Por três representantes dos realizadores de cinema, sendo um da área da ficção, um da área de animação e um da área do documentário;
Por um representante da Federação Portuguesa de Cineclubes;
Por um representante dos festivais apoiados pelo ICA, I. P.;
Por um representante das associações do setor apoiadas pelo ICA, I. P.;
[Anterior alínea n).]
[Anterior alínea o).]
Por um representante da Federação Portuguesa de Escolas de Cinema e Audiovisual.
2 - Os representantes referidos no número anterior são escolhidos de entre as associações do setor, quando existam, ou de entre as entidades promotoras, nos demais casos.
3 - Havendo mais do que uma associação ou entidade do setor em causa, o representante é escolhido por comum acordo entre as mesmas.
4 - Não sendo possível o entendimento entre as entidades referidas no número anterior, é escolhido o representante da entidade com maior representatividade, aferida pelo maior número de associados ou, no caso dos festivais, pelo número de espectadores, com base na média das três últimas edições.
5 - ...
6 - ...»
Capítulo VIII — Disposições finais e transitórias
Artigo 62.º — Fiscalização
A fiscalização do disposto no presente decreto-lei compete à Inspeção-Geral das Atividades Culturais, sem prejuízo das competências de fiscalização legalmente atribuídas a outras entidades.
Artigo 63.º — Norma transitória
As normas do presente decreto-lei relativas a obrigações dos beneficiários de programas e medidas de apoio, bem como a condições de execução dos projetos apoiados, aplicam-se aos procedimentos em curso à sua data de entrada em vigor sempre que forem mais favoráveis aos beneficiários dos apoios.

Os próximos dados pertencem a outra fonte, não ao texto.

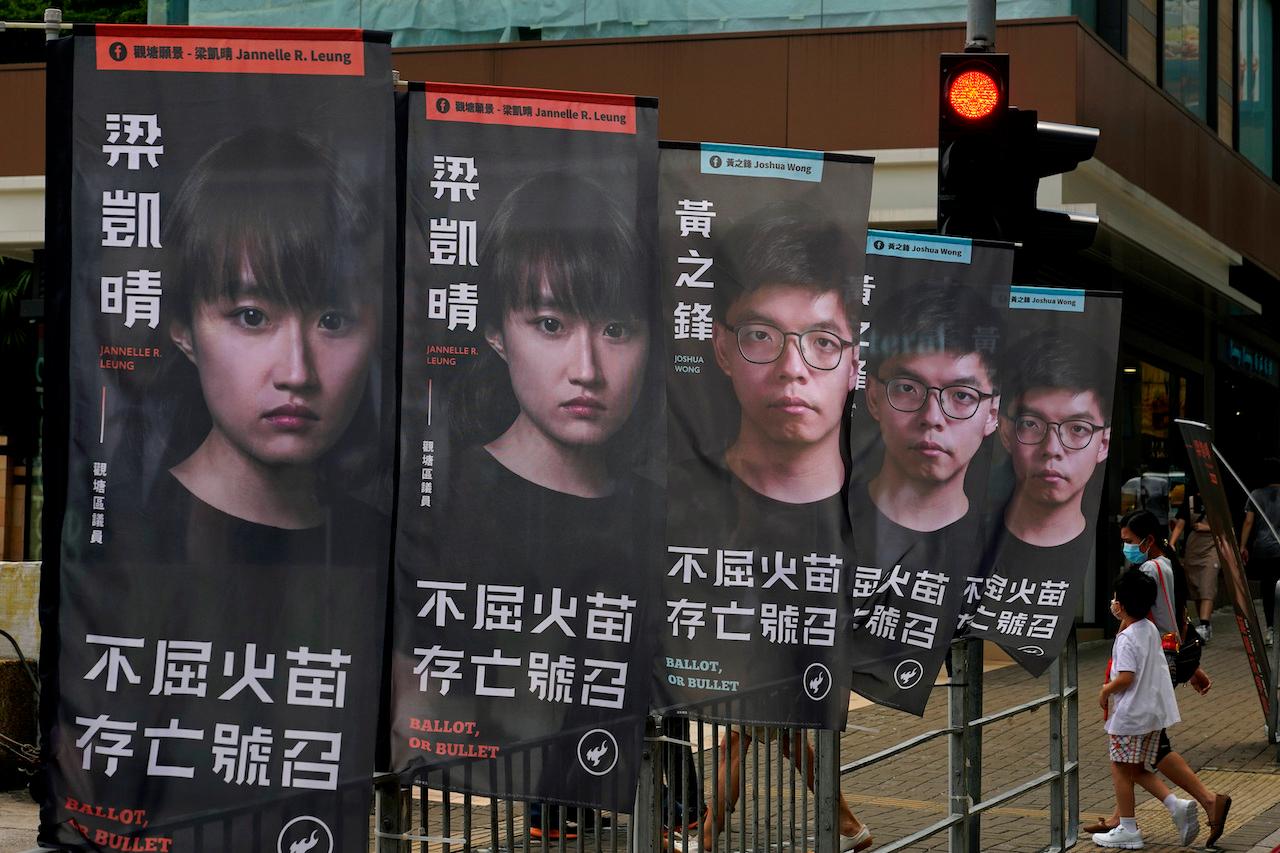 Banners showing pro-democracy candidate Joshua Wong (in glasses) displayed outside a subway station in Hong Kong. About 50 Hong Kong pro-democracy figures have been arrested by police under a national security law, following their involvement in an unofficial primary election last year held to increase their chances of controlling the legislature. Photo: AP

Artigo 64.º — Norma revogatória
São revogados:
A Lei n.º 42/2004, de 18 de agosto;
O Decreto-Lei n.º 227/2006, de 15 de novembro;
O Decreto-Lei n.º 9/2013, de 24 de janeiro;
O Decreto-Lei n.º 124/2013, de 30 de agosto.
Artigo 65.º — Entrada em vigor
O presente decreto-lei entra em vigor no dia seguinte ao da sua publicação.
Visto e aprovado em Conselho de Ministros de 22 de fevereiro de 2018. - António Luís Santos da Costa - Mário José Gomes de Freitas Centeno - Francisca Eugénia da Silva Dias Van Dunem - Luís Filipe Carrilho de Castro Mendes - Tiago Brandão Rodrigues - Manuel de Herédia Caldeira Cabral.
Promulgado em 7 de abril de 2018.
Publique-se.
O Presidente da República, Marcelo Rebelo de Sousa.
Referendado em 19 de abril de 2018.
O Primeiro-Ministro, António Luís Santos da Costa.